▶ Exercise description: Transcribe the whole listing precisely, leaving nothing out.

▶ Data for the task:
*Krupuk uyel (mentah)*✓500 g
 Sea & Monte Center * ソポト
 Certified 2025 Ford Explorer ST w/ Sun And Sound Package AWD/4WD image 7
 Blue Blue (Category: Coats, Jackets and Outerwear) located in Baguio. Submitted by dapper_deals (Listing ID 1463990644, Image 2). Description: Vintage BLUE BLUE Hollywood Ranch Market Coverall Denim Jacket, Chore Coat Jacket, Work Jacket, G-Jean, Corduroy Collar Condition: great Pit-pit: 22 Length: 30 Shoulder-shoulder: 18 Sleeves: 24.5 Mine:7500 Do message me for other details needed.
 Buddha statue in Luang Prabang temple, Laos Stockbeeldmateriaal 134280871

▶ Expected answer:
*Krupuk uyel (mentah)*✓500 g
 Sea & Monte Center * ソポト
 Certified 2025 Ford Explorer ST w/ Sun And Sound Package AWD/4WD image 7
 Blue Blue (Category: Coats, Jackets and Outerwear) located in Baguio. Submitted by dapper_deals (Listing ID 1463990644, Image 2). Description: Vintage BLUE BLUE Hollywood Ranch Market Coverall Denim Jacket, Chore Coat Jacket, Work Jacket, G-Jean, Corduroy Collar Condition: great Pit-pit: 22 Length: 30 Shoulder-shoulder: 18 Sleeves: 24.5 Mine:7500 Do message me for other details needed.
 Buddha statue in Luang Prabang temple, Laos Stockbeeldmateriaal 134280871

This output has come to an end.